It’s not often in this life that you can reinvent yourself and start again. Wipe the slate clean, assume a new identity and go forth a better man – unless you’re in witness protection.
In Welcome Home, Captain Fox! Anthony Weigh’s adaptation of a Jean Anouilh comedy, which opened this week at London’s Donmar Warehouse, we have a man who has spent 15 years as a prisoner of war and is able to recall yesterday’s dinner but at a complete loss to remember anything from his distant past.
When he is, by an extraordinary set of coincidences, reunited with his long lost family, he doesn’t like what he sees. And the more he learns about the person he may have once been, a rogue and philanderer called Jack Fox, the less he wants to pick up where he left off.
There’s all the potential here for a classic comedy but Welcome Home, Captain Fox! is a hit or miss affair when it comes to laughs.
Weigh’s story moves the action to the mega-rich enclave of the Hamptons in the 1950s but it struggles to fly.

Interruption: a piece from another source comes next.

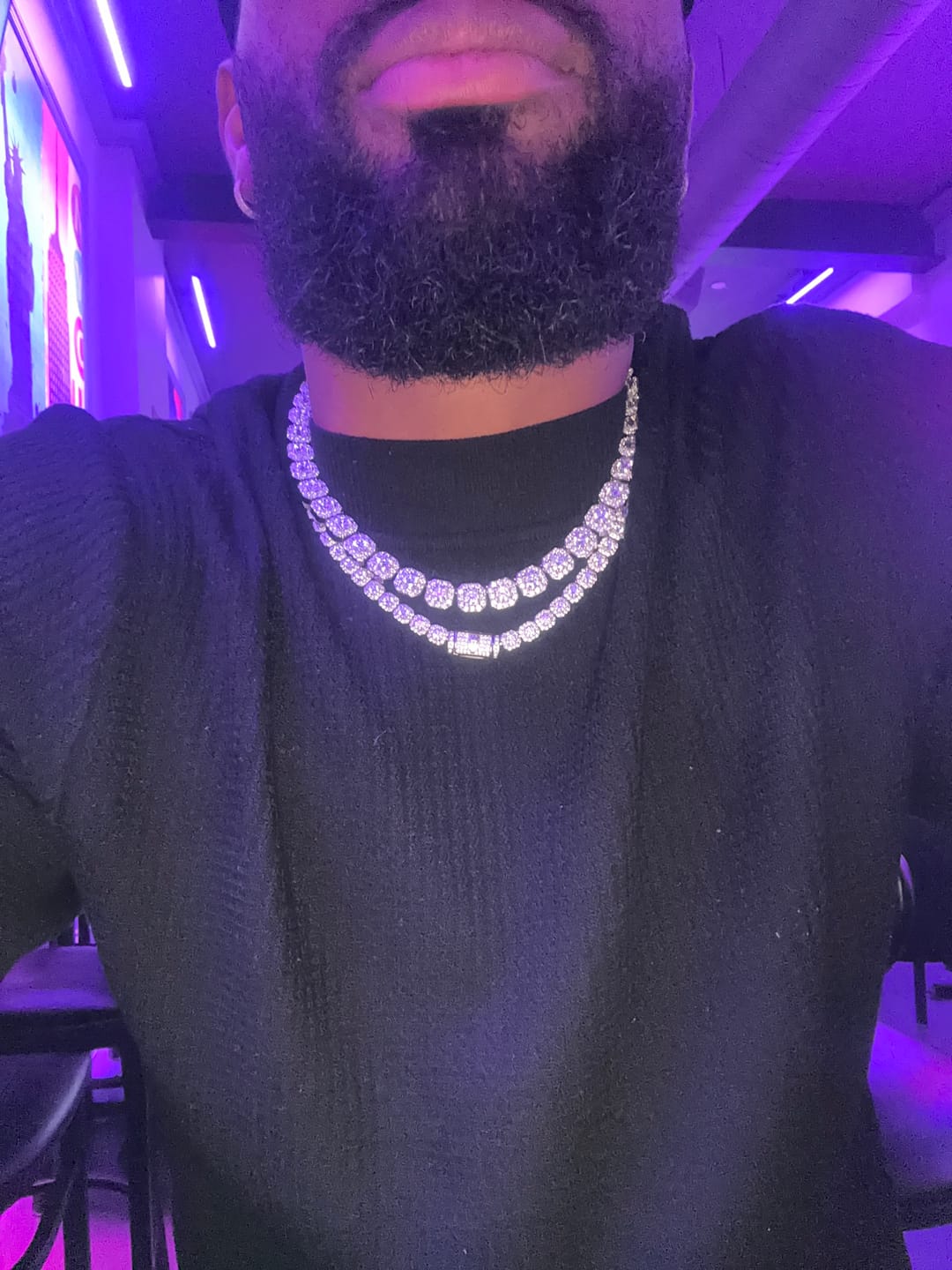 Customer photo review of Micro Clustered Tennis Chain - White Gold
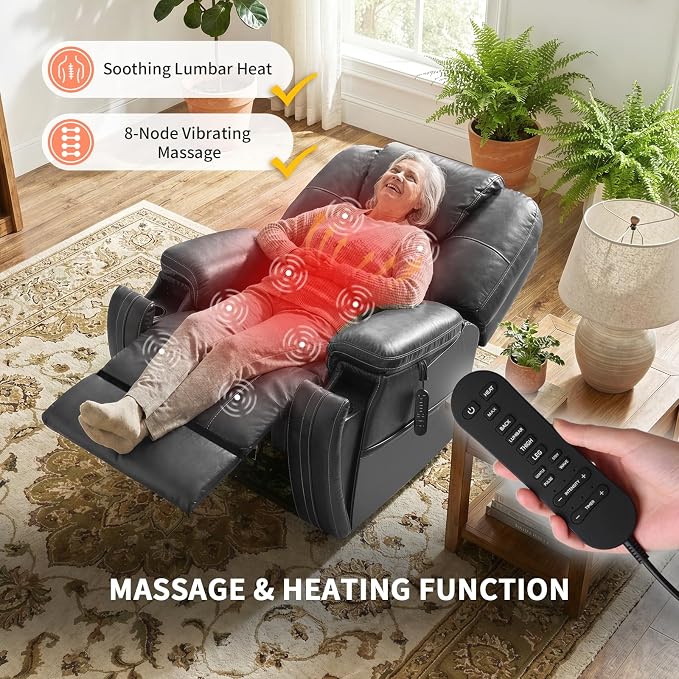 EONIX Triple Motor Lay Flat Power Lift Recliner Chair for Elderly with Adjustable Headrest, 400lbs Electirc Lift Chair for Living Room, Lumbar Pillow, Extended Footrest, Grey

There are occasionally funny scenes but the entire cast is trying too hard, particularly our anti-hero, Rory Keenan’s Captain Fox.
Katherine Kingsley plays a full-on, Lucille Ball-type, gobby redhead, who is so over the top that it stops being funny after about 15 minutes. But her malapropisms – or sheer ignorance – and her bickering with her cash rich-class poor, long-suffering husband (Danny Webb) does liven things up.
They hope that reuniting a long lost son with his mother will be their entrée into East Coast society but they couldn’t have banked on just how obnoxious the entire family is.
Sian Thomas looks down her nose at the badly dressed couple and maintains an air of cool indifference. Her older son, George (Barnaby Kay) is sceptical while his wife, Valerie, spends most of her time hugging the drinks trolley. They’re awful, every last one of them.
Our amnesiac, who calls himself Gene, arrives after spending time being debriefed and quizzed by US doctors who are doubtful of his story. He is appalled by the people who reluctantly claim to be his family. He must convince them that he is Jack Fox – but does he really want to?
The earnest and slightly unhinged Gene searches for answers. But I couldn’t understand is how his personality appeared to have changed. Forgetting details of your past is one thing but, one assumes, his innate personality would remain and surface once again. Once a fox always a Fox.
Anouilh’s original play, Le Voyageur sans Bagage, was written as a black comedy and set in the 1930s, but its themes of identity and reform were nothing new even then (Wilde’s Importance for instance). The mysterious stranger who reinvents himself can be seen in several dramas, from The Great Gatsby to Mad Men.
1950s America is always an exciting era to set a production. Besides the rampant Communist paranoia sweeping country, the place is rife with prejudice and class distinction.
Kingsley gets to wear a spectacularly sexy tea dress while Fenella Woolgar’s frustrated, bored, social-climbing, martini-drinking Valerie, is nicely turned out as a cool blonde in pearls and muted shades.
Maintaining standards in high society is everything. I had to chuckle when they all changed into tuxedos and cocktail dresses – to enjoy a dinner of hot dogs and frozen TV meals. Very refined.
Welcome Home, Captain Fox! runs at the Donmar Warehouse until April 16.
Welcome Home, Captain Fox!
Welcome Home, Captain Fox! works hard for laughs but it's a hit or miss affair. Anthony Weigh's adaptation of a Jean Anouilh comedy pitches a returning soldier back into the flinty bosom of his family.